BBSRC strategic theme: Bioscience for an integrated understanding of health

Background: Biomolecular condensates (BCs) are discrete membraneless subcellular compartments that provide efficient and reversible spatiotemporal control of cellular processes in an energy-dependent manner. BCs facilitate a plethora of physiological processes due to their propensity to act as reaction crucibles by increasing the local concentrations of substrates and effectors such as enzymes, and their capacity to undergo dynamic exchange with the surrounding intracellular milieu.

In contrast, in dysregulated phase separation (LLPS), BCs lose their dynamic nature such that there is progressive transformation from liquid-like states to gel-like and solid states. There is therefore increasing evidence that aberrant LLPS leads to pathological protein aggregates such as disease-related aggregates seen in neurodegenerative disorders.

Recent evidence has therefore prompted the search for therapeutic interventions aimed at modulating LLPS and restoring normal physiological conditions.

The overarching aim of the PhD project will be to apply designer LLPS-CTPRs to understand the molecular mechanisms by which neurodegenerative proteins behave in physiological LLPS environment and how protein mutations dysregulate the LLPS environment leading to irreversible aggregation. Aim 1: Use designer biomolecular condensates to understand how disease-related proteins behave in an LLPS environment.

This will involve: a. in vitro characterisation of BCs formed from LLPS-CTPRs that can recruit a-synuclein and TDP-43 in condensate formation with the aim of determining the biophysical properties of droplets.

b. in cellulo characterisation of protein droplet formation using SH-SY5Y cells overexpressing fluorescent-tagged a-synuclein and a TDP-43 tagged cell model of ALS developed by the Kumita lab.

Aim 2: Determine how mutations in disease-related proteins accelerate transition from reversible LLPS to irreversible protein aggregation.

In clonal cell lines that express a-synuclein and TDP-43 mutations I will repeat the same characterisation protocols to investigate changes in structural features within the LLPS/aggregate systems. This will allow for comparison of protein recruitment, and droplet formation between physiological and pathological states.

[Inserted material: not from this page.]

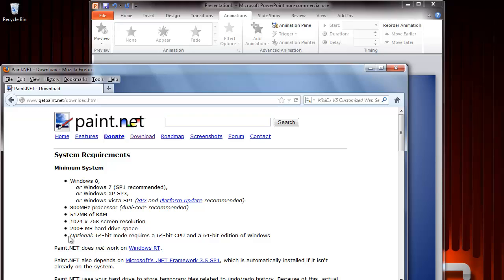When you get to the home page, you can scroll down to download the software. Once you finish downloading it, click run and you'll see the Paint.Net action box.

Aim 3: Determine the therapeutic potential of using engineered proteins to enhance the degradation of disease-related proteins.

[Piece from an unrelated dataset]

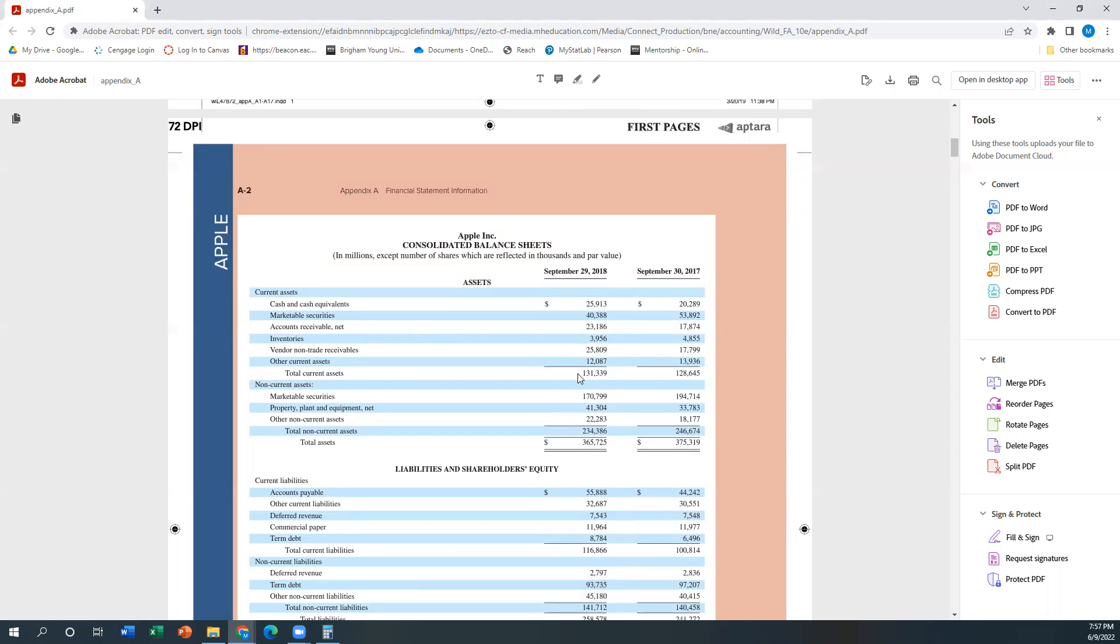Usually when they're doing this type of multi-step income statement and then an expanded balance sheet like this, or classified balance sheet is sometimes the term they use, it has all of these items broken down for us.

Key information obtained from in vitro and in cellulo characterisation of droplet properties will direct reconciliation of protein recruitment with efficient targeted degradation. Once disease-related protein recruitment in LLPS formation is better understood, targeted degradation strategies being developed in the Kumita group can be utilised to determine if disease-related BCs can be targeted to the autophagy pathway.

As aberrantly misfolded proteins are a pathological hallmark of neurodegenerative diseases, removal of these species through facilitated protein degradation may prove beneficial for therapeutic intervention.

The results from this study will yield significant advances in understanding the underlying molecular mechanisms that link the beneficial LLPS formation with pathological amyloid formation. This will enable the development of therapeutic intervention strategies, such as targeted degradation of disease-related proteins.